翁立彻底放弃了镇压混乱,大多数溃兵已经失去了士气,就算镇压一时,丧尸一来还会全军崩乱,以其这样,他还不如让程昱他们先走一步,程昱听言一惊,望着翁立失声喊道:
“难道你不走?”
无数人扑入水面的浪花声此起彼伏,呼喊哀嚎声也随之浪花声响彻码头,低沉阴暗的乌云笼罩之下的码头陷入一片绝望,翁立站在房顶上凝视着下方崩溃的人群,程昱和三五名士兵站在地面仰望,身边慌乱的人流不时撞得他们身躯摇晃,就在这一刻,翁立缓缓摇头:
“我不走了,总得有人留下来断后,总得有人为这些人的死负责,你们过去找那个人,虽然他未必是好人,但至少还算真,跟着他比跟着我要强……。”
翁立已经下定决心,程昱也是个果决的军人,听言也不多做劝说,和身边的士兵一起立正,严肃的向他敬礼,随后转身分开人群向下游冲去,一边冲,一边将沿途的溃兵抓进队伍驱赶他们一起冲,有了程昱这个少尉军官,溃兵们重新找到了主心骨,不用程昱动员,配合他们一起向下游冲去。

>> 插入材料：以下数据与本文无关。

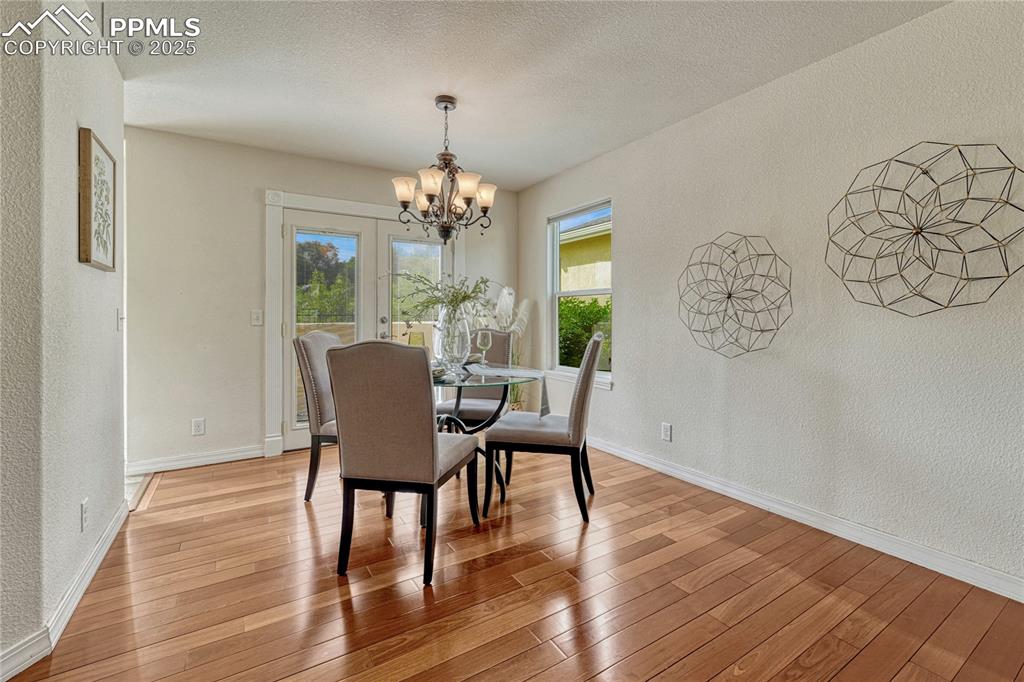 Image 8 of 47: The dining area has the same beautiful hardwood flooring along with an orna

望着消失在人群中的程昱一行人,翁立沉默不语,若是在昨天,他绝不会让程昱离开,更不会空出三艘宝贵的船只,昨天的他还是满腔热血的正义青年,会带着程昱收拢溃兵为这些幸存者奋战到最后一刻,但是今天,太多的意外让他学会用另一种思维方式思考,这个世界没有平白无故的奉献,那些幸存者也未必会感激他们的无私奉献,张小强教会了他达则兼济天下,穷则独善其身的思想,连自己的身边人都顾不好,何谈拯救世人?
但是他也没有和程昱他们一起离开,毕竟他的女人还在别人手里,在场接近两千多人的生死同样在他手里,虽然打定主意让这些人阻止丧尸推进,心中的愧疚让他留下了来尽最后一份心力,就在他目送程昱他们离开不久,之前那些跑到江边寻找船只的军官们冲了过来,码头区已经混乱,密密麻麻的人群来回窜动,嘈杂的哄闹让整个码头仿佛喧哗的菜市场,到处都是神色慌张的男人和溃兵,倒是站在房顶上沉默的翁立最吸引人的视线。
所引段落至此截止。